• Prompt
Down to the last line, repeat the data below exactly.
------ Dataset excerpts
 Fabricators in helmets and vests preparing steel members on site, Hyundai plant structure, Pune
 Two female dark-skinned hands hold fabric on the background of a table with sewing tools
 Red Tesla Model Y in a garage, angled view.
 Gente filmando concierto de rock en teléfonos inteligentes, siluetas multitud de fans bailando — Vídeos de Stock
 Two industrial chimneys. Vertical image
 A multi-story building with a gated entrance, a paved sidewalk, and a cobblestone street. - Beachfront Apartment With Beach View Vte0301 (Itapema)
------------
• Answer to this task
 Fabricators in helmets and vests preparing steel members on site, Hyundai plant structure, Pune
 Two female dark-skinned hands hold fabric on the background of a table with sewing tools
 Red Tesla Model Y in a garage, angled view.
 Gente filmando concierto de rock en teléfonos inteligentes, siluetas multitud de fans bailando — Vídeos de Stock
 Two industrial chimneys. Vertical image
 A multi-story building with a gated entrance, a paved sidewalk, and a cobblestone street. - Beachfront Apartment With Beach View Vte0301 (Itapema)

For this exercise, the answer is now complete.